▶ [Your assignment]: Data follows below. Repeat exactly the lines between the line holding "金属加工助剂选型：揭秘上海优质厂家背后的秘密**" and the line holding "Zero Game Chapter 173 - Trang 3", inclusive, and nothing more; drop pictures.

▶ [Excerpted data]:
++++
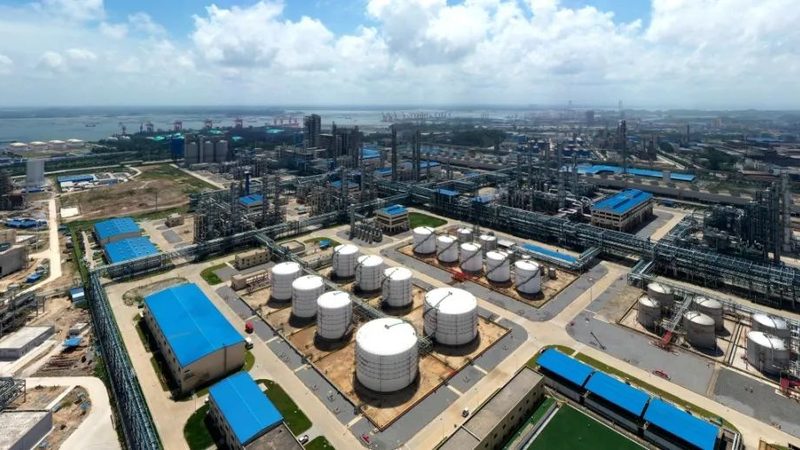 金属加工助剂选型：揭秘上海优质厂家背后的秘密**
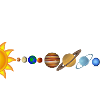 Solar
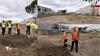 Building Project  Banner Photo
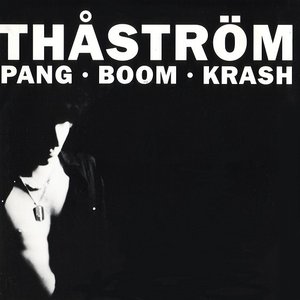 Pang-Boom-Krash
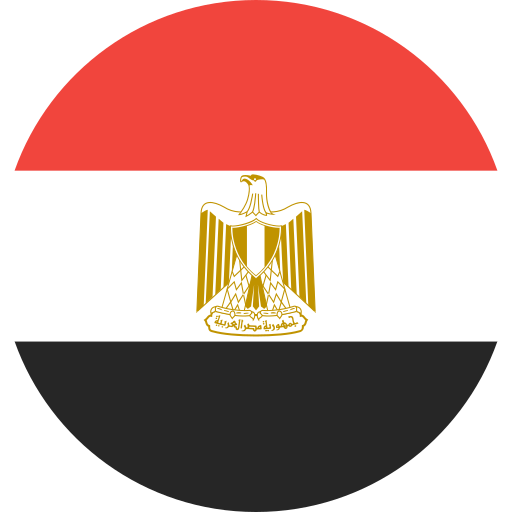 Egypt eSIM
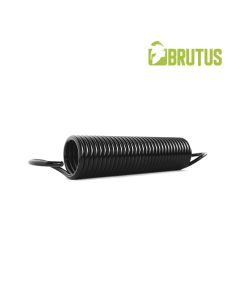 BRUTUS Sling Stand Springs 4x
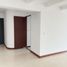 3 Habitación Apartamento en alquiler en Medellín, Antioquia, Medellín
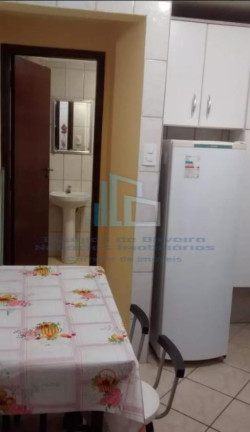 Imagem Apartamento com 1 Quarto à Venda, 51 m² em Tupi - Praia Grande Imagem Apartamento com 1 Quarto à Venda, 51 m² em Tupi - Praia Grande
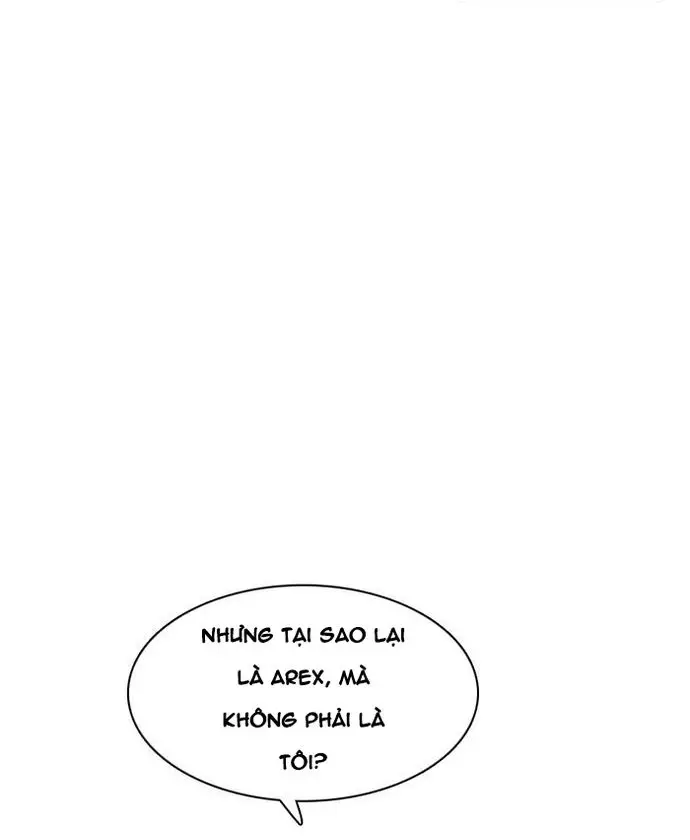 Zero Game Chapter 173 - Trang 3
++++
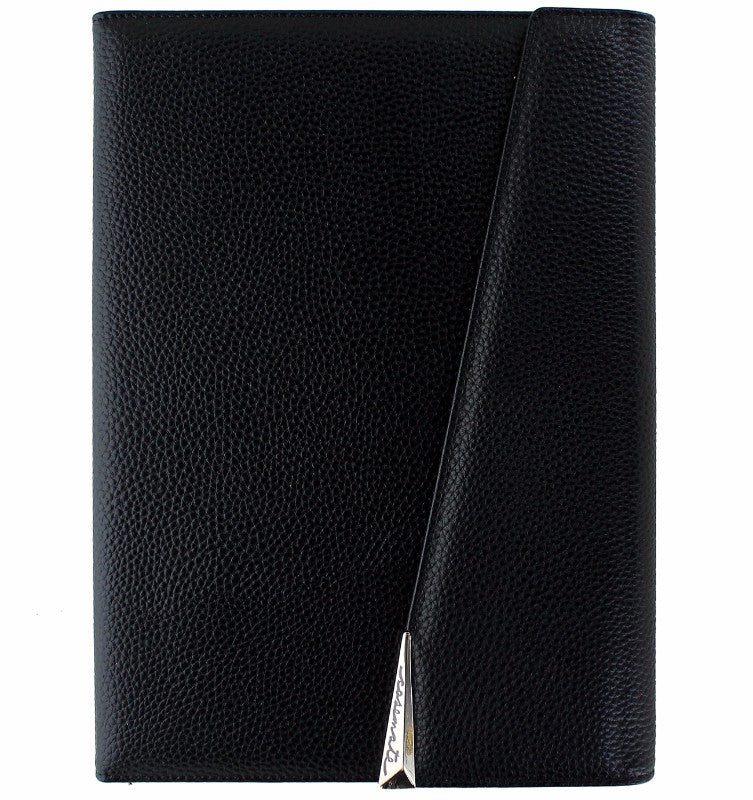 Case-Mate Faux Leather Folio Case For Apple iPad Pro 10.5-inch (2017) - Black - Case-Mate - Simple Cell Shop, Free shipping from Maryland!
++++
▶ [Answer to the problem]:
 金属加工助剂选型：揭秘上海优质厂家背后的秘密**
 Solar
 Building Project  Banner Photo
 Pang-Boom-Krash
 Egypt eSIM
 BRUTUS Sling Stand Springs 4x
 3 Habitación Apartamento en alquiler en Medellín, Antioquia, Medellín
 Imagem Apartamento com 1 Quarto à Venda, 51 m² em Tupi - Praia Grande Imagem Apartamento com 1 Quarto à Venda, 51 m² em Tupi - Praia Grande
 Zero Game Chapter 173 - Trang 3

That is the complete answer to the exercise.